*** Records to process ***
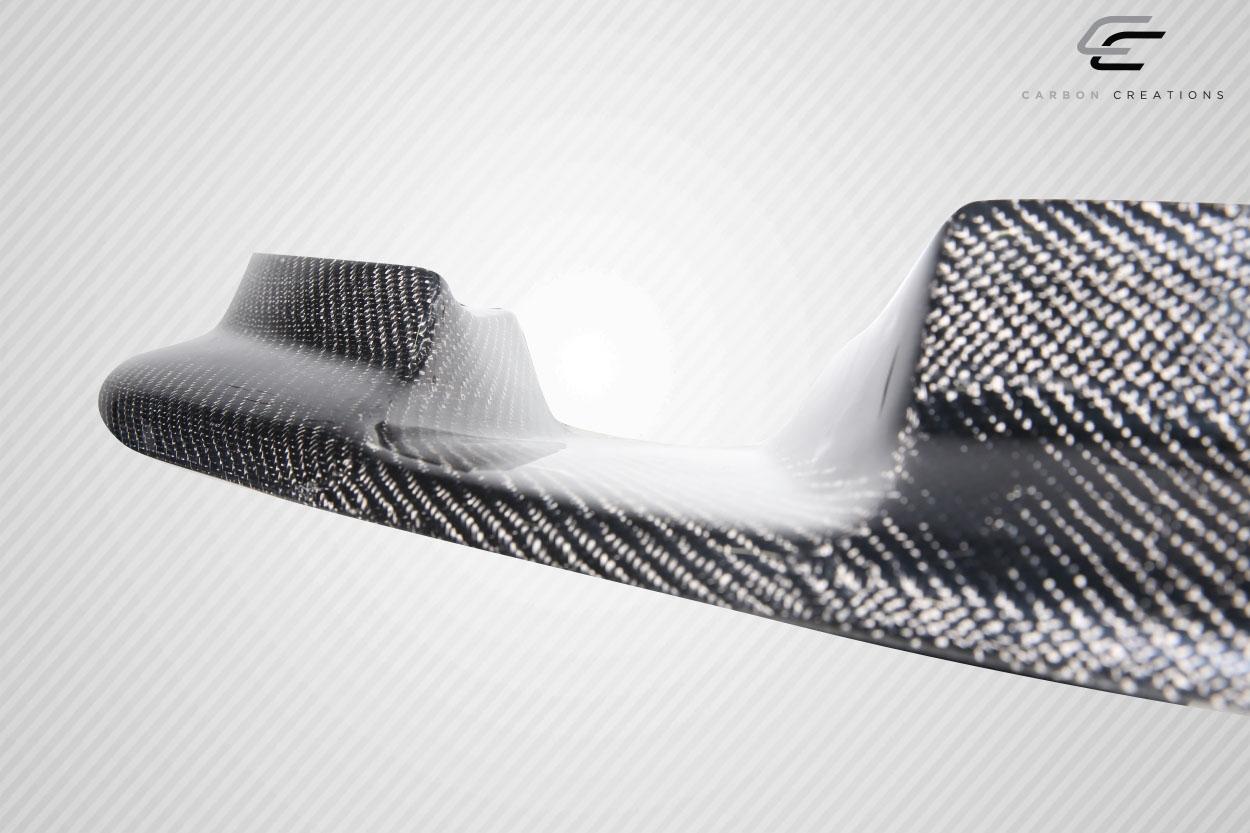 2005-2013 Chevrolet Corvette Carbon Creations ZR Edition Carbon Fiber Front Lip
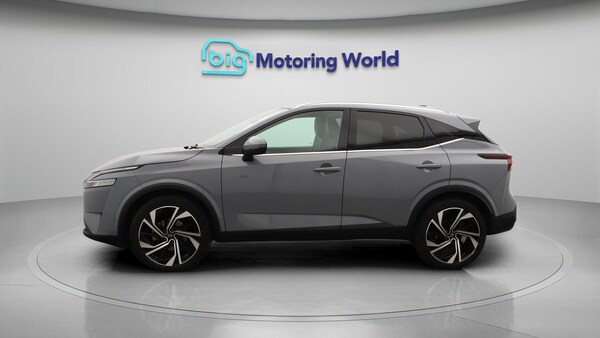 Used Nissan Qashqai 2022 for sale - 76215693: Photo 5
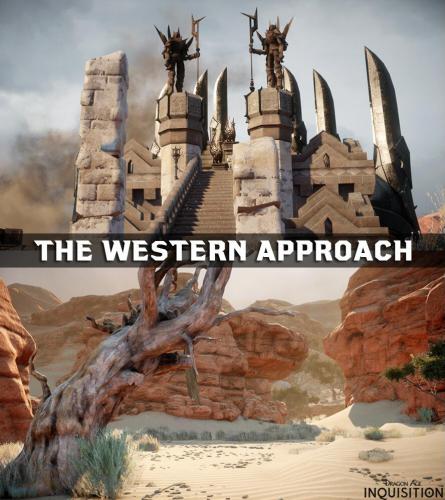 Dragon Age: Inquisition - Западный Проход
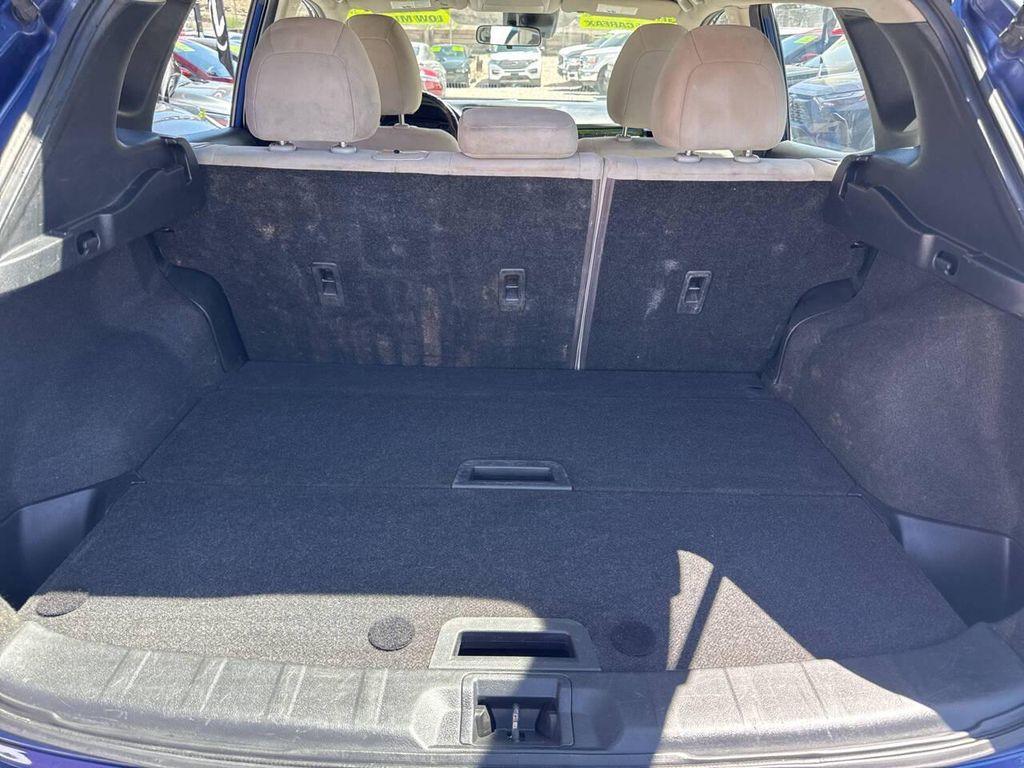 used 2022 Nissan Rogue Sport car, priced at $21,995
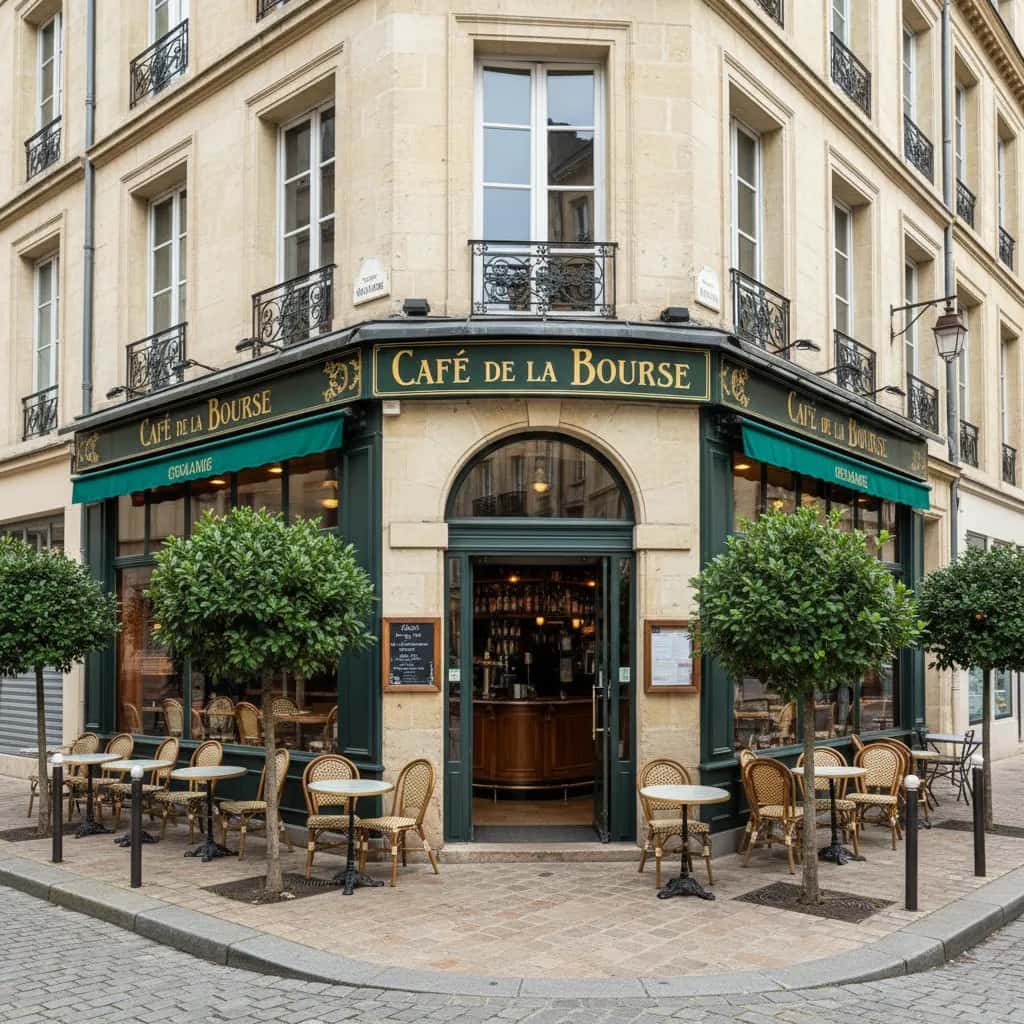 Bar-brasserie 80m² à Bordeaux : licence IV - cave/réserve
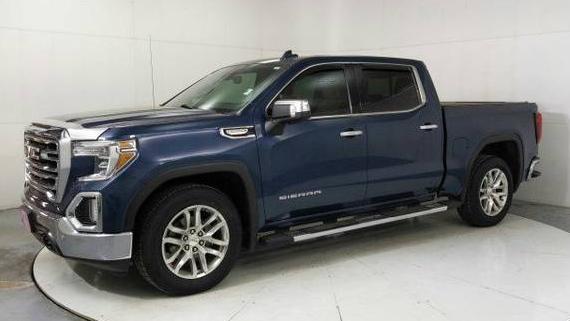 GMC SIERRA 2019 1GTP8DEDXKZ156328 image
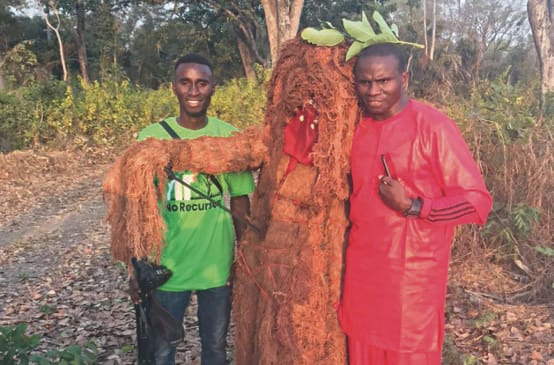 Spiritualité en Guinée-Bissau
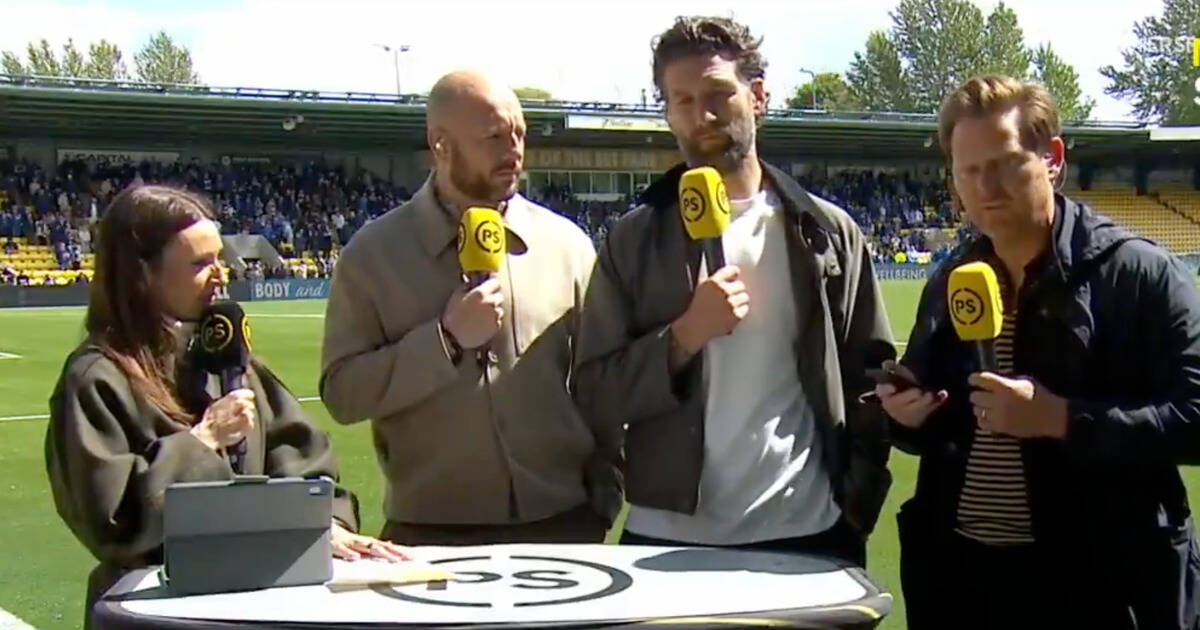 Michael Stewart claims Celtic and Rangers ‘pressure’ impacts decisions as he agrees with Hearts title sentiment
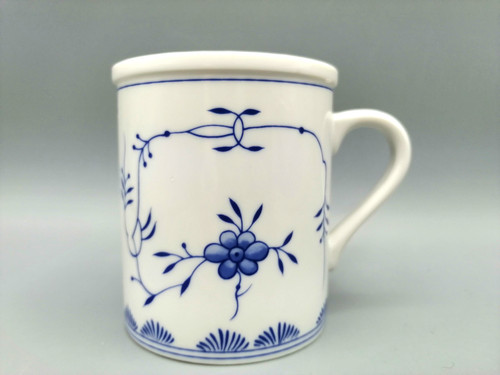 August warnecke friesisch - august, blau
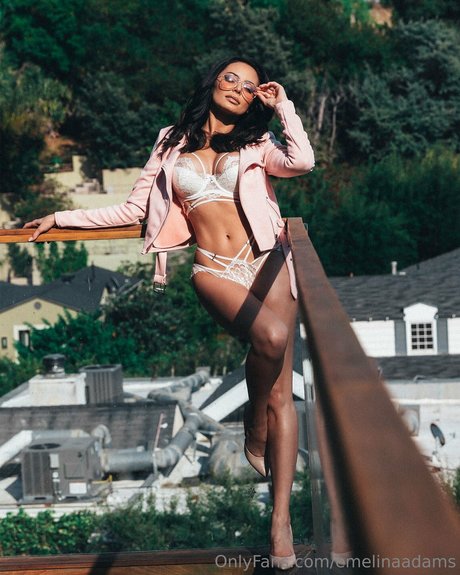 Emelina Adams model nice images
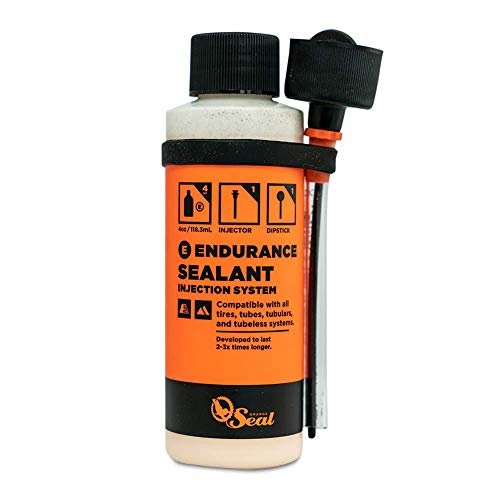 Orange Seal - Endurance Formula Tubeless Bike Tire Sealant...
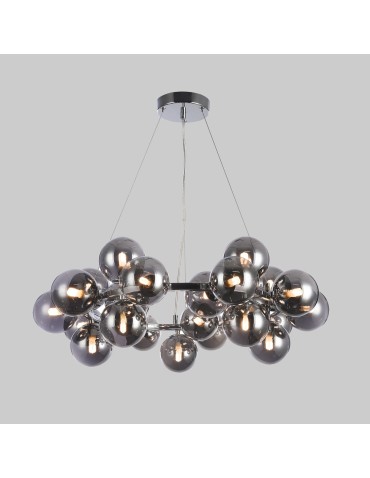 ITALUX Cabella Wisząca Chrom PND-5252-25-CH+SMK - produkt 2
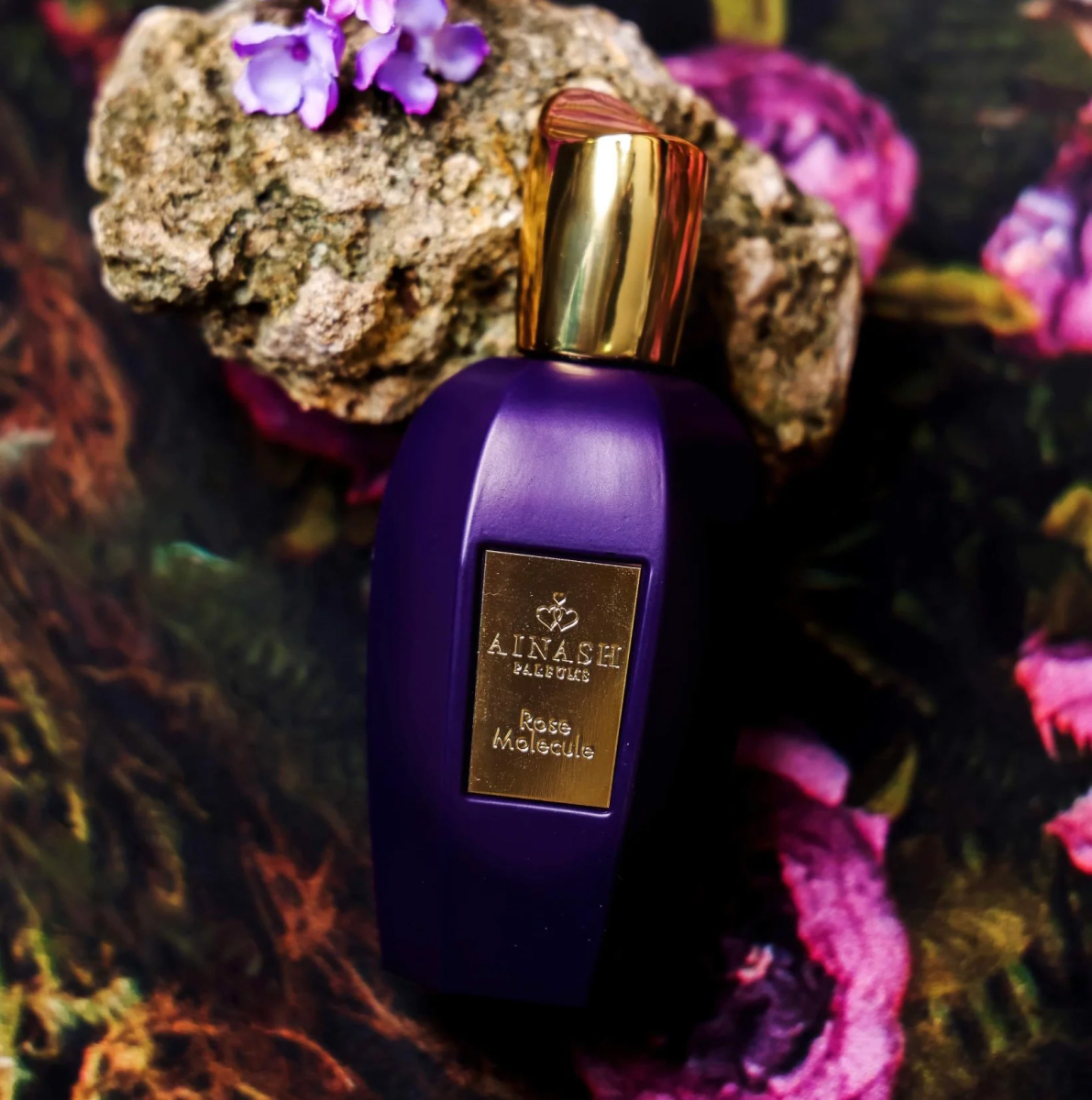 ROSE MOLECULE BY AINASH 2.5oz / 75ML EXTRAIT F2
*** End of Records to process ***
▸ **Your task**
Each line from the one containing "Bar-brasserie 80m² à" down to the final line of the records above must be reproduced exactly; no pictures go into the copy.

▸ **Solved exercise**
 Bar-brasserie 80m² à Bordeaux : licence IV - cave/réserve
 GMC SIERRA 2019 1GTP8DEDXKZ156328 image
 Spiritualité en Guinée-Bissau
 Michael Stewart claims Celtic and Rangers ‘pressure’ impacts decisions as he agrees with Hearts title sentiment
 August warnecke friesisch - august, blau
 Emelina Adams model nice images
 Orange Seal - Endurance Formula Tubeless Bike Tire Sealant...
 ITALUX Cabella Wisząca Chrom PND-5252-25-CH+SMK - produkt 2
 ROSE MOLECULE BY AINASH 2.5oz / 75ML EXTRAIT F2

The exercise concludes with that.